Criticized for not telling them, is the story.
Oh, so if they, but if you told them, then they would have, where are you going and who are you doing?
Yeah. Then you would have run into the bureaucracy, right?
The state is a product of the family more so than you can imagine.
No kidding. But I mean, that's the impossible situation, right?
So if you go out and you bypass the bureaucracy, then you're criticized.
But if you agree to not bypass the bureaucracy, then by the time you leave the house, your soul is dying, right?
Man, I need a nap.
After the bureaucracy, you just want to go have a nap.
Right, right, right.
So that's the impossible situation that they put you in.
And the reason that I wanted to mention this, right, is that you've got a lot to be angry about, right?
Just man to man, right?
You have a lot to be angry about.
And you have to...
And you should be angry, right?
You should be angry.
But... You should not turn that anger into a desire to hurt your parents.
Yeah, you should use anger to fix your situations, like you said.
Yeah, and the reason that I wanted to pause, just when you say you want to talk to your mom about atheism and so on, which is a nice way of saying that I want to take away my mom's drug of religion so that she sees herself for the horror that she is and that there's a desire to punish.
And that desire to punish, I totally understand it.
I totally understand it.
I'm not quite sure that the take away the drug and see her as the monster she is metaphor doesn't really connect with me because I was really into Christianity before I became an atheist.
Well, sure, but that's not the differentiator that I'm talking about.
What I'm talking about is that you had not hurt children, right?
I did sort of have a...
Yeah, this is going to amount to nothing, but I did sort of have a bit of a harsh discussion with my girlfriend about when she decided to become a Wiccan.
Okay, we'll keep that ball in the air and we'll come back to that in a stunning feat of juggling, but because you're going to, and we can mention Ash, because Ash has a desire to engage with crazy people, right? And this happens.
Can we get this from after he's engaged with me, or...?
No, no, what I mean is that, and I've talked with him about this, right, but we had a Buddhist come in a couple of days ago.
Ah, yeah. Fun times.
Right, and he wants to dig in, right?
He wants to get them, right?
So he wants to corner them, right?
He wants to corner them and get them to just damn well admit that their beliefs are stupid, right?
But that never happens, does it?
Well, it doesn't happen, that's right, and it's just something to watch in yourself, because we're talking about your future here.
I mean, your past is what it is, right?
But in your future, you're going to meet lots of people like your mom.
They're all over the place.
The world is not full of them, but the world is not just your mom, right?
And you're going to have a desire to get them, right?

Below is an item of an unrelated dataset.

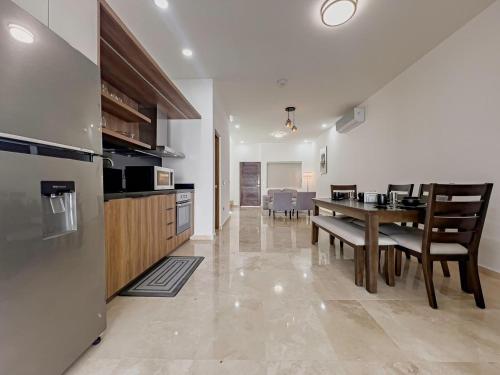 a kitchen and dining room with a table and chairs at Casa Delfines, 2Br home in quiet neighborhood 10 min from downtown in La Paz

Yeah, I noticed that when I tried to bring up the anarchy stuff with the political forum at school.
Oh, man. Right, and you've got to be careful that you don't recreate.
The real challenge, right, is to recreate as little of her childhood as humanly possible, and the stuff that we do recreate is only the good stuff, right?
And you are going to have a desire to want to get crazy people into your life.
Oh, yeah. Well, don't.
I think I've worked, like, a bit through it.
I think I've made incredible progress, if I maybe throw away humility for a moment.
Sure, and these are just pointers, right?
I mean, I'm not saying that you're a guy with a scimitar going into the church or anything, but I'm just saying that.
Not yet, anyway. So, what happened with your girlfriend and the Wiccan thing?
Oh, this was a while.
Well, seeing as I couldn't really leave the house because I had to go through bureaucracy, I just sort of talked on MSN, and she said, oh, I'm really into this Wiccan stuff.
And, well, me being the typical cut-out Christian, I brought the, well, you know you're going to hell, don't you?
And how old were you when this, sorry to interrupt, how old were you when this happened?
Okay, this would have been...
Okay, it would have been before that trip.
I would have been late 14, 15 about that.
Right, okay. And this is still your girlfriend or not so much?
No. Okay, good.
Just checking. Never want to dive in where there's sensitivity and so on.
Okay, so if you can't get into a refuge, a shelter, I can't remember the word that you used.
Whatever. Yeah, so if you can't get into one of these places, how long until you can move out?
Well, I haven't had a paid job yet.
Well, because if I want to get a paid job, that's like mountains of bureaucracy.
But I've been doing what I can.
I've been getting resumes out there.
Right. So, I don't know.
School ends like in a year.
Yeah, that's a hell of a long time to wait, isn't it?
Yeah, it's 365 days.
And counting, right?
Right. Well, have you looked at all into the practical aspects of getting into one of these sorts of housing projects?
No, not really. It sort of just came up yesterday when I was talking about it in the chat room.
Right, right. Well, I mean, any place where you don't have your parents around is probably better, right?
Yeah. Yeah. That's a given.
Yeah, you know, my particular perception, I don't know if somebody said, well, but there are people who need to spot even more and so on.
It's like, but that's stupid, right?
I mean, that's like, I can't eat a big snack because there are starving people in India.
Like, forget that. I mean, this is your life.
Yeah, I got really angry when Ricky made that argument.
Yeah, yeah, no, you don't want to be listening to that stuff, right?
Because then it's like, well, I can't wear a shirt because there's a guy who doesn't have a shirt in Sri Lanka or whatever, right?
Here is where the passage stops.